Start of Block
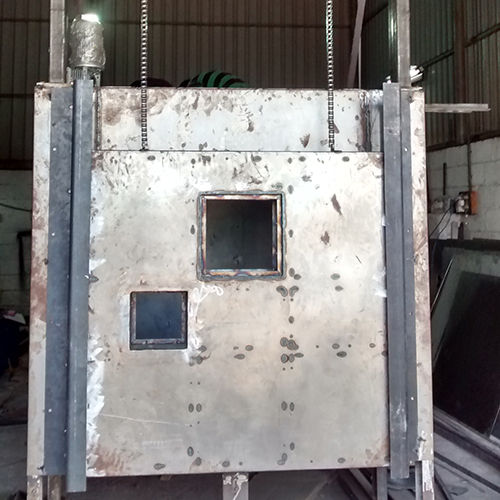 Industrial Ovens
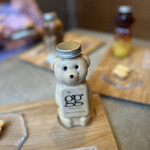 COFFEE & BAR GENIE KURAMAE - 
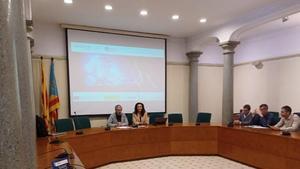 Pimec obre una oficina al Vallès Oriental per ajudar les pimes de la comarca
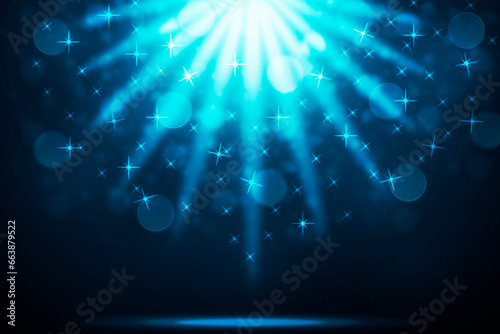 abstract background with bokeh lights, party background,
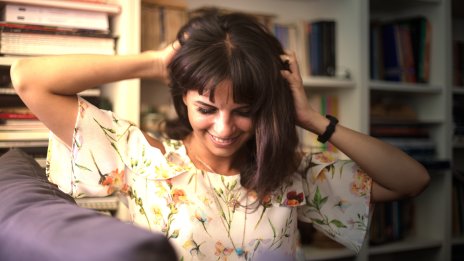 Нова прическа за зимата – цветът каубойска мед е водеща тенденция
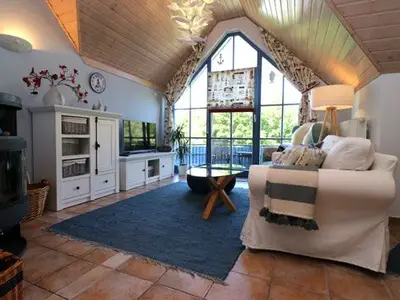 Ferienwohnung für 2 Personen (55 m²) in Ostseebad Wustrow 1/10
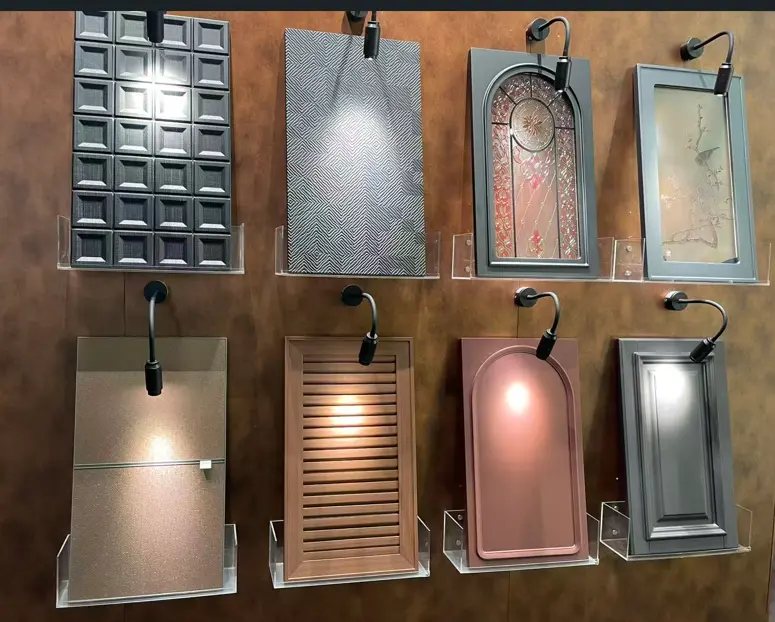 Želite li znati popularne boje za dekorativne folije 2026. godine?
End of Block
- GOAL OF THE EXERCISE:
Your job is to copy every entry exactly. Omit the pictures.

- RESULT OF THE TASK:
 Industrial Ovens
 COFFEE & BAR GENIE KURAMAE - 
 Pimec obre una oficina al Vallès Oriental per ajudar les pimes de la comarca
 abstract background with bokeh lights, party background,
 Нова прическа за зимата – цветът каубойска мед е водеща тенденция
 Ferienwohnung für 2 Personen (55 m²) in Ostseebad Wustrow 1/10
 Želite li znati popularne boje za dekorativne folije 2026. godine?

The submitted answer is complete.